Achievements and honors

In addition to many other prizes, he also received the NASA gold medal for outstanding scientific achievement. In 1971 he was awarded the Antonio Feltrinelli Prize . In 1983 he was accepted into the American Academy of Arts and Sciences .

At the Sormano Astronomical Observatory in Italy, the asteroid discovered there (10387) Bepicolombo was named in his honor.

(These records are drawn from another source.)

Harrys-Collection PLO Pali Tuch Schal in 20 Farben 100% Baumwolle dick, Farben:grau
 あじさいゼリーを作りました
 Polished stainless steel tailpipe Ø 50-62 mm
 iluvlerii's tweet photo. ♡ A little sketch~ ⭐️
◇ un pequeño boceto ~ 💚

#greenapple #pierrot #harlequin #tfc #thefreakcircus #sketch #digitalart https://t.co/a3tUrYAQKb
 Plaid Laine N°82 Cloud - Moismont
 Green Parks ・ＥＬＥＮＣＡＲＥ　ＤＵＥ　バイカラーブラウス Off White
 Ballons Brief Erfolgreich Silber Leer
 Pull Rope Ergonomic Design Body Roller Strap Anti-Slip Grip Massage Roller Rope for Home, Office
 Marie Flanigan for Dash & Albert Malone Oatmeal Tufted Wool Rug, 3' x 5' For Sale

In 1999 the European Space Agency (ESA) named the project for a Mercury probe after him, which it had just decided - BepiColombo, in special recognition of his achievements . Known by his nickname Bepi, the professor was instrumental in planning the first Mercury mission Mariner 10 during his time at the University of Padua . He suggested the trajectory on which it was the first probe ever to swing by Venus and then repeatedly passed through Mercury - three times in a functional state. Giuseppe "Bepi" Colombo also provided a prediction for the exact period of the peculiar rotation of the target planet on the basis of various observations. He was also one of the initiators of the Giotto mission to Comet Halley and had suggested the name for this probe.

Web links

Individual evidence

  1. ESA: Who was Giuseppe (Bepi) Colombo?